Requirement: Copying rule for the data below: pictures stay out, and only the lines from the one with "Sort hættejakke med" down to the one with "Snapshot of lanalovelyqueen", inclusive, are repeated exactly.

Given data:

Segment Open

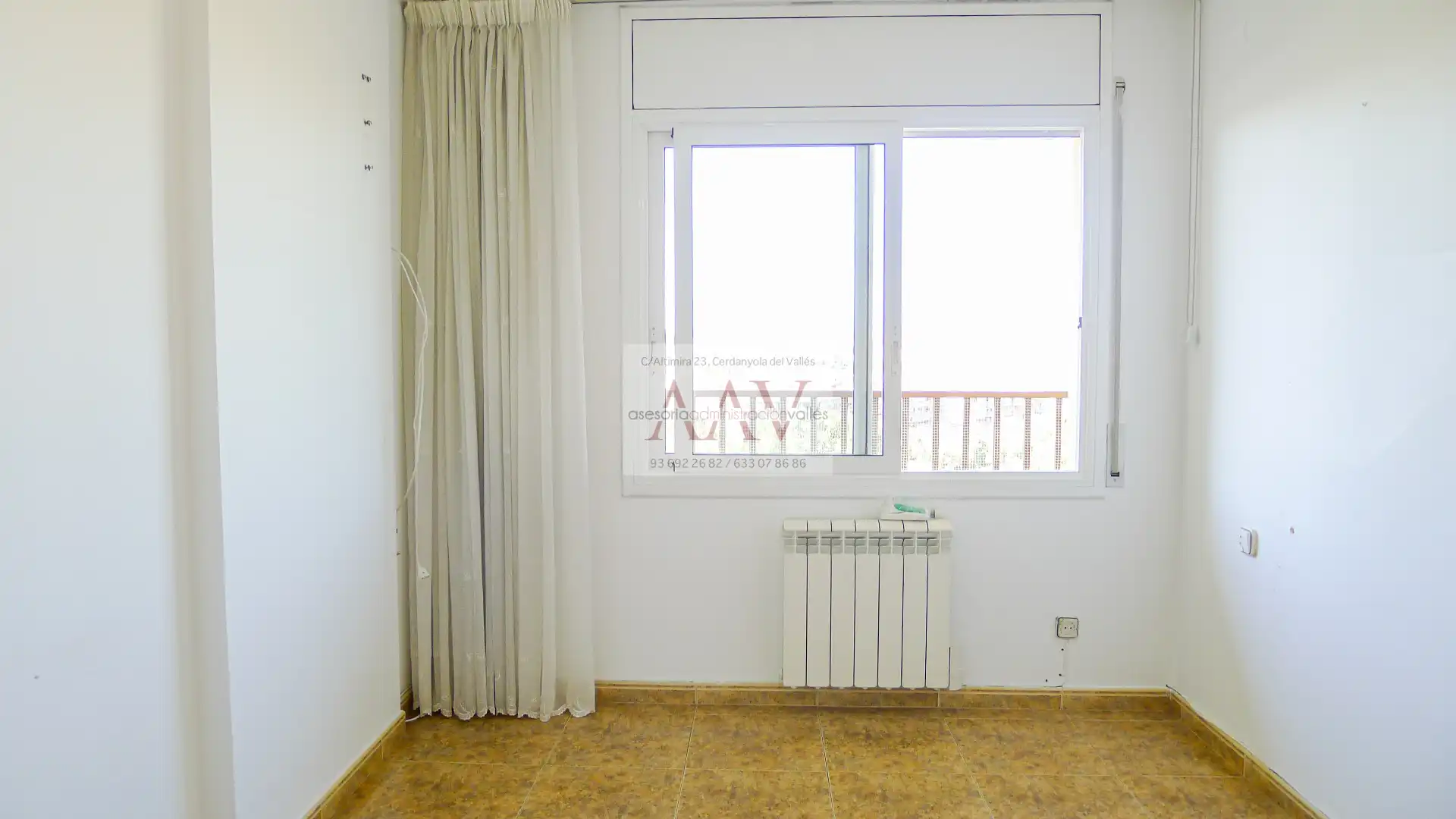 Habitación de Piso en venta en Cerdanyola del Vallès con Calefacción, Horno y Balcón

Segment Closed
Segment Open

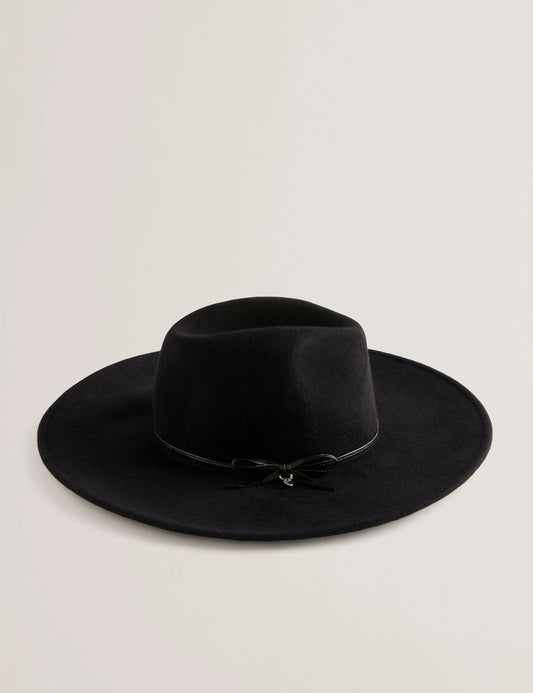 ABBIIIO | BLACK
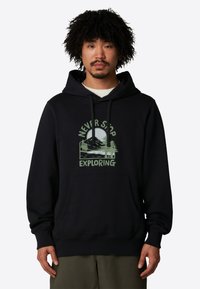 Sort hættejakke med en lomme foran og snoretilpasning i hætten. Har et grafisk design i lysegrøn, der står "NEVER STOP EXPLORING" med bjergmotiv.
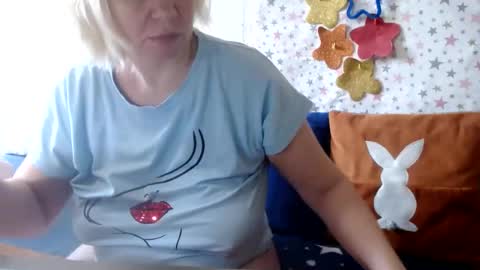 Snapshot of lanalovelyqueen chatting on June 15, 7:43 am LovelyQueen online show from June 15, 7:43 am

Segment Closed

Task response:
 Sort hættejakke med en lomme foran og snoretilpasning i hætten. Har et grafisk design i lysegrøn, der står "NEVER STOP EXPLORING" med bjergmotiv.
 Snapshot of lanalovelyqueen chatting on June 15, 7:43 am LovelyQueen online show from June 15, 7:43 am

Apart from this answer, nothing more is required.